From Aaron Rodgers to Nathan Adrian, Cal produces big names in the world of athletics. Now, add eight more to that list — this time in the world of eSports.
On Feb. 16, a group of the campus’s premier StarCraft eSports players, the UC Berkeley Collegiate StarLeague team, seized the world championship and a $40,000 prize at the AZUBU Collegiate Champions Grand Finals.
The team, composed of sophomores Conan Liu, Andrew Wang, Richard Xu, Luke Lalor, juniors Fan Yang and Hyunjae Lim, as well as senior David Lu and freshman Alan Yao, brought the title back to Berkeley for the first time since 2009.
A popular multiplayer strategy game, StarCraft has garnered a strong following worldwide . The Collegiate StarLeague, which hosted the tournament, is the main collegiate gaming league for universities around the world.

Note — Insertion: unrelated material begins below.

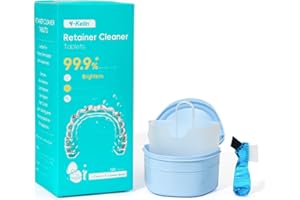‎Y-KELIN Y-Kelin Das Reinigungsset für kieferorthopädische Retainer enthält 120 Tabletten (Vorrat für 4 Monate) und eine Box – geeignet für Retainer, Mundschutz, Zahnersatz, entfernt Plaque und Zahnstein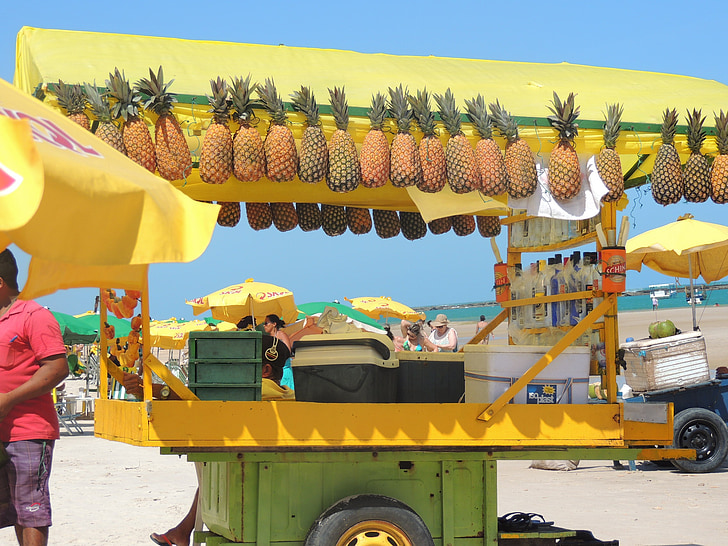 plage, vente, sur roues, ananas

In other words, it’s “basically the NCAA for computer games,” according to Duran Parsi, CEO of the Collegiate StarLeague.
“eSports is like real sports,” Parsi said. “You have teams that fans can associate with, players with fun personalities, stars and broadcasters that help casual fans understand and follow the games. The difference is that athletes are playing on the computer.”
Like any other team here, Cal’s Collegiate StarLeague wasted no time getting ready. They began their journey in October, spending countless hours scouting opponent teams’ players, mapping out strategies and investigating teams in countries as far away as Denmark. It paid off.
The Cal team was eventually crowned North American StarCraft champions, earning them a position in the Grand Finals — no minor feat considering the fact that Cal had not been able to reach the final round since 2009.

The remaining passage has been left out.